Data records:
=== Begin Enclosure ===
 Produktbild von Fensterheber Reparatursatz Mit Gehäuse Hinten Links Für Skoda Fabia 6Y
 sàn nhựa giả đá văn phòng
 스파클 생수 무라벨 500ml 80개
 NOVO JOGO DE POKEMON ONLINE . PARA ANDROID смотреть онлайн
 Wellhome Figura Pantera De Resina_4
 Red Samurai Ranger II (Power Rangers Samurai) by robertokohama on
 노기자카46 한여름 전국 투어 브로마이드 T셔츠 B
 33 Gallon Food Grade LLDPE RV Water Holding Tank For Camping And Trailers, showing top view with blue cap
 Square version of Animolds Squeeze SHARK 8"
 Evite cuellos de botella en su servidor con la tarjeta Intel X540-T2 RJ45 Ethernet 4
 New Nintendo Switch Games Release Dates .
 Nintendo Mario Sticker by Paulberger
=== End Enclosure ===
Task description: The material is to be output in full, exactly as it stands.

Output of the exercise:
 Produktbild von Fensterheber Reparatursatz Mit Gehäuse Hinten Links Für Skoda Fabia 6Y
 sàn nhựa giả đá văn phòng
 스파클 생수 무라벨 500ml 80개
 NOVO JOGO DE POKEMON ONLINE . PARA ANDROID смотреть онлайн
 Wellhome Figura Pantera De Resina_4
 Red Samurai Ranger II (Power Rangers Samurai) by robertokohama on
 노기자카46 한여름 전국 투어 브로마이드 T셔츠 B
 33 Gallon Food Grade LLDPE RV Water Holding Tank For Camping And Trailers, showing top view with blue cap
 Square version of Animolds Squeeze SHARK 8"
 Evite cuellos de botella en su servidor con la tarjeta Intel X540-T2 RJ45 Ethernet 4
 New Nintendo Switch Games Release Dates .
 Nintendo Mario Sticker by Paulberger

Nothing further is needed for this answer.